Your goal:
Only the lines from the line holding "Solitary Figure Walking" through the final line of the entries below are to be returned, exactly as they stand.

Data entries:
_ _ _ _ _ _ _

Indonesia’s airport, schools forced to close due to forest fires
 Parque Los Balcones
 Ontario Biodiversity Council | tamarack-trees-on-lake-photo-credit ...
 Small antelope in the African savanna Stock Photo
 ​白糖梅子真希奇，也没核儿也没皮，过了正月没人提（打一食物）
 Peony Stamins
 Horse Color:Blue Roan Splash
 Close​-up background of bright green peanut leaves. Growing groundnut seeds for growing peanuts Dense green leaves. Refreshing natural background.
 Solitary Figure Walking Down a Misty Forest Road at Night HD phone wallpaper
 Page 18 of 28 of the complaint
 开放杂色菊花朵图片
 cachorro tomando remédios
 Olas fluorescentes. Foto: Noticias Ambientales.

_ _ _ _ _ _ _

Result of the exercise:
 Solitary Figure Walking Down a Misty Forest Road at Night HD phone wallpaper
 Page 18 of 28 of the complaint
 开放杂色菊花朵图片
 cachorro tomando remédios
 Olas fluorescentes. Foto: Noticias Ambientales.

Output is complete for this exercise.